LDS children around the world know what it means to be a pioneer.

In hundreds of artistic renderings of pioneers, children recognized that long ago Adam and Eve, Columbus and Joseph Smith were pioneers; that today President Gordon B. Hinckley, visiting teachers in Peru, and South African children who attend Primary in a garage are pioneers; and that future pioneers may do missionary work in space or temple work in countries that currently don't have temples.As part of the Museum of Church History and Art's new exhibit, "Latter-day Saint Pioneers of the Past, Present and Future," children between the ages of 5 and 11 created artwork of pioneers from mediums such as color paper, crayons, chalk and playdough.

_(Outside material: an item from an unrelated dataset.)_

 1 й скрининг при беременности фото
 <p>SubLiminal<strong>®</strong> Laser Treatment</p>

The exhibit, which will be on display from Jan. 18 through Oct. 12, is part of the 1997 sesquicentennial celebration commemorating the 150th anniversary of the arrival of the Mormon pioneers into the Salt Lake Valley in 1847.

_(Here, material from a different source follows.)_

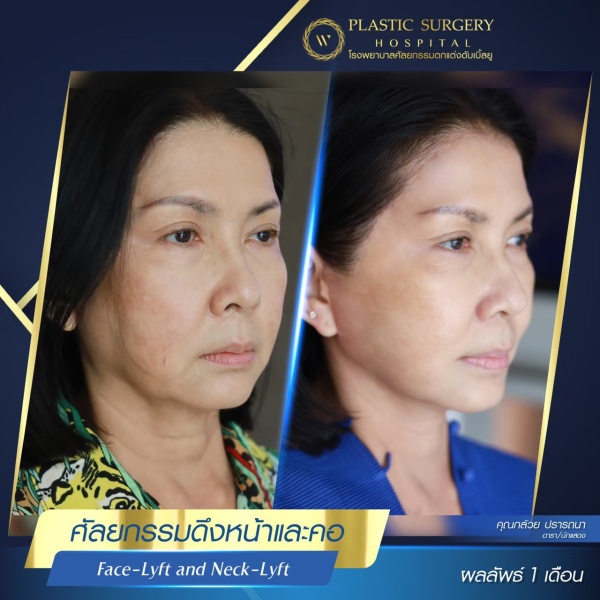 ดึงหน้า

The 300 drawings on display in the gallery were selected from more than 1,900 entries submitted by young artists living in 43 states and 27 countries. Another 300 honorable mention entries are displayed in file books in the gallery.

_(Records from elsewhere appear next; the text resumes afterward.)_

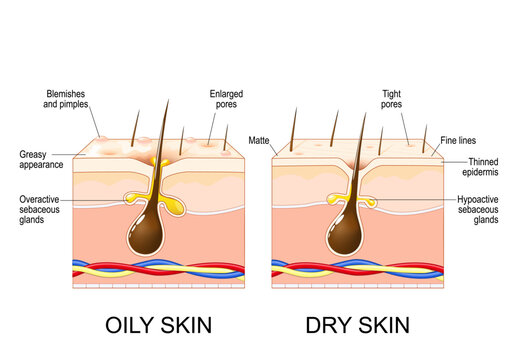 Oily skin and dry skin comparison. Skin types.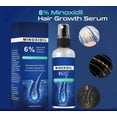 thumbnail image 5 of Spray para el crecimiento del cabello con 6% Minoxidil, spray para el tratamiento del crecimiento del cabello con Minoxidil para un crecimiento del cabello más fuerte, más grueso y más largo, 5 of 5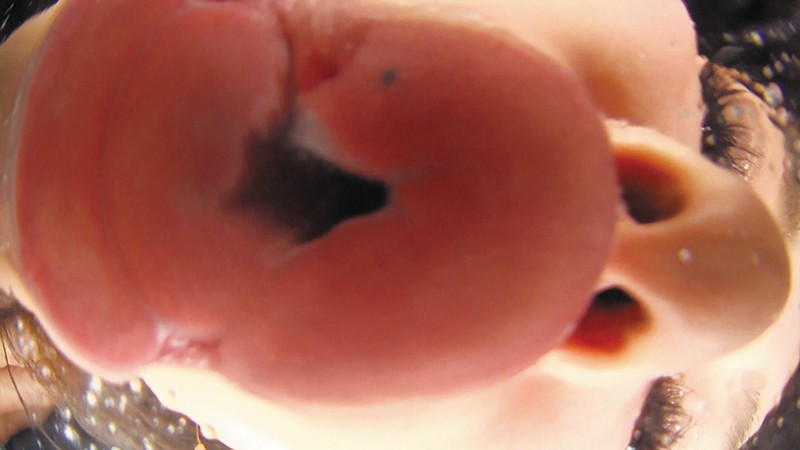 EVIS-282 Part 3 - 50 minutes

For the exhibit, two brothers crafted the voyage of the Brooklyn with color paper. Another youngster re-created the "War between Crickets and Seagulls." One 5-year-old drew a simple picture of "a pioneer and his horse."

"They just put it very simply - they are just very honest and forthright," said Marilyn Chris Clark, Church Service missionary and exhibit curator. "Children's work is refreshing."

Sister Clark said that after visiting the exhibit, Church members will have a better understanding of what it means to be a pioneer.

"This is a picture of me in a car!" wrote 5-year-old Spencer Admodt of the Farmington 4th Ward, Farmington Utah South Stake, on the back of his creation. "I didn't walk a long way but I can be a pioneer today. I can work hard, choose the right and never ever give up."

For her submission, Miguel Angel Gardie, 9, of the Carupano 2nd Branch, Venezuela Barcelona Mission, made a timeline of her "pioneer" family - including her parents' baptism, the creation and division of her branch, her baptism, and the construction of the meetinghouse in her city. Finally Miguel drew herself as a pioneer, explaining "I share my testimony with my friends."

Katrina Merrilyn Klingenberg, 9, of the Skyline Ward, Eagle Rock Utah Stake, imagined pioneer children of the future. In her picture "pioneer children are on the moon praying for other pioneer children to arrive safely."

Tae Too Bae, a 7-year-old member of the DongDooChun Branch, Seoul Korea Mission, looked to the scriptures to find his pioneer. "Nephi is a pioneer because he was an example to his brothers," he wrote on the back of a water color and crayon depiction of Nephi and his brothers traveling to the promised land in a boat.

Sister Clark said that selecting and labeling children's pictures of past, present and future pioneers was more than a lot of work - "it was a lot of fun."

The museum is located at 45 N. West Temple Street in Salt Lake City. It is open free of charge seven days a week.